I would certainly be willing to help supervise reducer work if it got approved as a GSoC project.

If, in some ideal world, it became possible to free up Yang to work on other things, I would ask if he wanted to work on a random C++ program generator (C++smith or whatever). My sense is this would be pretty useful for the LLVM and GCC commnities.

John

I would really like to see someone work on LLVM’s garbage collection support - it hasn’t been updated in 4 years, and while there’s been a lot of talk about ways that it could be improved, there’s been no action.

That is *sooo* true! :slight_smile: I'm one of the authors of an LLVM backend for Erlang (ErLLVM [1]); we have tested and measured our backend and noticed that with the current GC infrastructure we see 20-40% performance degradation (because of the loads/stores on the stack for all gcroots). It is clear to me and the rest of the team that with this infrastructure the LLVM might not be suitable for languages with explicit garbage collection, like Erlang. I've also studied the way the Vmkit project handles GC and they seem to face the same deficiency too.

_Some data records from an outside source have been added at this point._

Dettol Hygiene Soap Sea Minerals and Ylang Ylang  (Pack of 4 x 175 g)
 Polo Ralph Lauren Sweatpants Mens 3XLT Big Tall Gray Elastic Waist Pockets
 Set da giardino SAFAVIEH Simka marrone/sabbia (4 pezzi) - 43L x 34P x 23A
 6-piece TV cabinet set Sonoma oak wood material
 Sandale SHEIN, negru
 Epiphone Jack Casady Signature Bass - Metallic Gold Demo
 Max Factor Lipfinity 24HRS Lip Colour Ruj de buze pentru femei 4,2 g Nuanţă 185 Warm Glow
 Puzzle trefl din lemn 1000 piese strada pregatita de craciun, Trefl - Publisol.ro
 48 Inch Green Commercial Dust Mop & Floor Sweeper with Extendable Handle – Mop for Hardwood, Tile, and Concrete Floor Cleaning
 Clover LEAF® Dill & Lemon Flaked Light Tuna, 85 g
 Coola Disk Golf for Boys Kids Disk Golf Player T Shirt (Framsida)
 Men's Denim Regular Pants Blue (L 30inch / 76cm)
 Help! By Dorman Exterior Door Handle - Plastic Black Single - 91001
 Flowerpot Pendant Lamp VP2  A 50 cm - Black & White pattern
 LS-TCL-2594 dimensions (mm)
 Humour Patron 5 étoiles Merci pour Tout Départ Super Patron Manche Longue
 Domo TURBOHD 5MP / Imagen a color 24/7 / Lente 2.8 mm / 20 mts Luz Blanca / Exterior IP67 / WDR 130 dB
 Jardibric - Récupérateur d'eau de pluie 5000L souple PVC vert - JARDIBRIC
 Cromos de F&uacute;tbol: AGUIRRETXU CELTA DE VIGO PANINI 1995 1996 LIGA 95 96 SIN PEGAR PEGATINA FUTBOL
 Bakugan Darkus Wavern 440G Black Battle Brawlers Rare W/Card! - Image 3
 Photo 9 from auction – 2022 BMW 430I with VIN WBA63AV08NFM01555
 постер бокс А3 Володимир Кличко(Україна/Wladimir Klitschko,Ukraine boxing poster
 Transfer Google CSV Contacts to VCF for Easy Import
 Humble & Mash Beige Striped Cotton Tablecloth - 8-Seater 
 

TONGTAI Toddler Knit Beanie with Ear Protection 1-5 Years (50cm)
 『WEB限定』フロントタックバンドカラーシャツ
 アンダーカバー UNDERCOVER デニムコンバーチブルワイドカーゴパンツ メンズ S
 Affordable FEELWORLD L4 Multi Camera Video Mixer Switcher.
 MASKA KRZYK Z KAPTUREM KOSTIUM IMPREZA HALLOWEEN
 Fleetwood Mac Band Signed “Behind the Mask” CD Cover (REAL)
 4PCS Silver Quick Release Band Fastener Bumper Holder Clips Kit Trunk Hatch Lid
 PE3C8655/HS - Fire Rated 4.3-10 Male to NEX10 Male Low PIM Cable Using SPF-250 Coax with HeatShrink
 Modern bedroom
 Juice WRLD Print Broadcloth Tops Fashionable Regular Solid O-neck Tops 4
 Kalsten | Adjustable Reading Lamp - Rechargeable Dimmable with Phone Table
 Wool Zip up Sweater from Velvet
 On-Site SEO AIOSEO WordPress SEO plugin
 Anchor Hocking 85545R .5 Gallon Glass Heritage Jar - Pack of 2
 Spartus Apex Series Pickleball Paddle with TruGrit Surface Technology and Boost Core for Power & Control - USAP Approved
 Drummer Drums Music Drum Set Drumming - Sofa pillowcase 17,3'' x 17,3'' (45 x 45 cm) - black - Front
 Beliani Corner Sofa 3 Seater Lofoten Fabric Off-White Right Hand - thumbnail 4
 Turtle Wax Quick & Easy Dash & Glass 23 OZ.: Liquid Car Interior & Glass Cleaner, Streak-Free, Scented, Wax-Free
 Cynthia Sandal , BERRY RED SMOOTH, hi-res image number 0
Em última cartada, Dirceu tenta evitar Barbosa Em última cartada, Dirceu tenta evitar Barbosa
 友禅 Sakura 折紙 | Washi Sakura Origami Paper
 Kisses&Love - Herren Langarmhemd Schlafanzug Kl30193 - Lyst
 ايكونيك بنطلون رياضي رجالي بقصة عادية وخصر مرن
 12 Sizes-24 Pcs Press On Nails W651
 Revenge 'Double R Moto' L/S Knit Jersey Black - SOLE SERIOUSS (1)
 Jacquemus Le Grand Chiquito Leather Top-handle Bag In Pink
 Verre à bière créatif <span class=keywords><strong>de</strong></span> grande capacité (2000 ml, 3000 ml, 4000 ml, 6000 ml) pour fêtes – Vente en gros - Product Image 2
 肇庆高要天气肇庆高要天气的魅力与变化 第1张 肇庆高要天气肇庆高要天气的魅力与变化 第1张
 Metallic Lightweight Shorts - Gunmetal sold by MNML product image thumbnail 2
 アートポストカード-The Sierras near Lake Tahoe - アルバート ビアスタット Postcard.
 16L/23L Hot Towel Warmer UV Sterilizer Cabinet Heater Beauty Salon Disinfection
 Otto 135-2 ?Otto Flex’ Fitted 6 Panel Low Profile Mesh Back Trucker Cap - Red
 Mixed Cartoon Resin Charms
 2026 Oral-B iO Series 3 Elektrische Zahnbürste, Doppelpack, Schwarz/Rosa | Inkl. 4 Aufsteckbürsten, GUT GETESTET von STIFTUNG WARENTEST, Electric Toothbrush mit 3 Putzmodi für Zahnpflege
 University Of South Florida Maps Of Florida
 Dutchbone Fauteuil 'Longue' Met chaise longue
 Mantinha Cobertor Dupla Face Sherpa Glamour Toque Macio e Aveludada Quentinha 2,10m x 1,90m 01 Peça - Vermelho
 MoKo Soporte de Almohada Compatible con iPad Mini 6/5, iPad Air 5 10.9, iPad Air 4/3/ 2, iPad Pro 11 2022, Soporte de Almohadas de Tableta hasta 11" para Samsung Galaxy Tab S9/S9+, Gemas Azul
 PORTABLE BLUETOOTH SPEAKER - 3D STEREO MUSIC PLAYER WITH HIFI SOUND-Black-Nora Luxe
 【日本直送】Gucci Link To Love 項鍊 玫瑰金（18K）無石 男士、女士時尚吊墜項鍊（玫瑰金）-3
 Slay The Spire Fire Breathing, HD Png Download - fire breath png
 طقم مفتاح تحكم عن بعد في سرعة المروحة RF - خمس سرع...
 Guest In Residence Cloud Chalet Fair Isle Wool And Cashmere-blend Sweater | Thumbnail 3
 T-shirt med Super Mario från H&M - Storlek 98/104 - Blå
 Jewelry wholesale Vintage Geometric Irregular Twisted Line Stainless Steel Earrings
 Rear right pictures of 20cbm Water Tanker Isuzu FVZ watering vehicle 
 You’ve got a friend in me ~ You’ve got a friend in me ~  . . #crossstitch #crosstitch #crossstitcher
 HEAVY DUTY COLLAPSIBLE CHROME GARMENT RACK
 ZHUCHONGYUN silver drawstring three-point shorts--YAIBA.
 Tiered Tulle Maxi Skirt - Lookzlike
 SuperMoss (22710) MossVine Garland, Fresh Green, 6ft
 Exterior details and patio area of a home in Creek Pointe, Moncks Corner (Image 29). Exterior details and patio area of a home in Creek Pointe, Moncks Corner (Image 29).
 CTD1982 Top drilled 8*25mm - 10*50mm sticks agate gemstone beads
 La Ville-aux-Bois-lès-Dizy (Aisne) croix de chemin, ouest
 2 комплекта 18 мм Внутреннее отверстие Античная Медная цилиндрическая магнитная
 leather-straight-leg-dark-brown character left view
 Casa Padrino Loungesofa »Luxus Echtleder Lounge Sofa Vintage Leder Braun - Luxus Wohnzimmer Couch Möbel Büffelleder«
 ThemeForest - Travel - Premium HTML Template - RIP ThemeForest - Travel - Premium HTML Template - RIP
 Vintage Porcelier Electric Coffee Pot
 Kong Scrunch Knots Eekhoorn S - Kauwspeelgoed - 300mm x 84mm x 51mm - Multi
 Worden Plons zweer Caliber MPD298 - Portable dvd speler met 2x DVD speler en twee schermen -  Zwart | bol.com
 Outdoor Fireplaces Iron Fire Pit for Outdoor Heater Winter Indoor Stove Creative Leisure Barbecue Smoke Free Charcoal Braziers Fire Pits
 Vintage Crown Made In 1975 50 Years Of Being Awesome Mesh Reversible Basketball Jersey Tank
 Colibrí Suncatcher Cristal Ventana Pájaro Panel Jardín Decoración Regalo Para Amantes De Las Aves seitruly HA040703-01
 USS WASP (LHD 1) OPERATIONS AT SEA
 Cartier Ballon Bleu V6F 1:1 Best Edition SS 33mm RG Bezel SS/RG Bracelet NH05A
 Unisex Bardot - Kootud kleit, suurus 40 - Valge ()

offtopic: I am working on an email (more like an RFC) with all the details and patches to the LLVM project in order to support our Erlang backend. I hope I will be able to send it by next week. Note, that we have already talked with the Ericsson/OTP team about integrating our work in a future release of Erlang/OTP (as a new HiPE backend).

Yiannis

[1]: http://erllvm.softlab.ntua.gr

Hi,

I'm currently working for the next 6 months, but I would be very interested in looking into this. Are there any discussions in this mailing list that would be useful in finding out more information?

Regards

Michael Thorpe
Internet Services Developer
Netcraft Ltd

Sorting through all of the discussions would be difficult, as the ideas have morphed over the years. Also, some of the discussion took place offline at various LLVM dev conferences.

I can summarize the main points here:

The biggest improvement in GC would be to allow SSA values to be declared as GC roots - currently only alloca values, that is, values in memory, can be GC roots. This means that frontends need to copy traceable values to memory before calling any function that might trigger a collection. This makes the resulting IR complex and inefficient.

Chris’s proposal is that we add metadata to the Pointer type (perhaps using the address space field) to indicate that a pointer is a GC root. Note that this would not be a replacement for the existing llvm.gcroot intrinsic, but rather an addition to it - that is, you could choose to use either the Pointer attribute or the llvm.gcroot intrinsic. The reason for this is that for some languages, there are non-pointer GC roots (my language has discriminated unions that sometimes contains pointers and sometimes not.) These frontends would need to continue to use the existing intrinsics, but fortunately such cases are fairly rare and this is not a terrible burden. For most languages, the Pointer attribute would be a much easier way to deal with roots, since the “root-ness” of a value is simply a property of it’s type, and so gets carried along with the value automatically.

Thus, in this new scheme, Pointer types which were marked as roots could be traced regardless of whether they lived within a memory location or a register. These could be used to generate either stack maps or register maps. Note that these maps are language-specific and are implemented via a language-specific plugin, so you would need to update the current API to deal with items in registers. (An alternative plan is to allow the frontend to request via a flag that roots be copied to local variables at each safe point, so that register maps would not be needed. This alternate plan might be a good first step, and then move on to the more difficult problem of register maps if the first step is successful.)

The reason why this is difficult is that the presence of garbage collection roots has a major impact on the optimizer and backend code generators - certain optimizations can cause the stack map to be incorrect, so these optimizations must be prevented or compensated for. However, an advantage is that variables which are optimized away no longer need to be included in stack maps - something that is not possible with the current approach.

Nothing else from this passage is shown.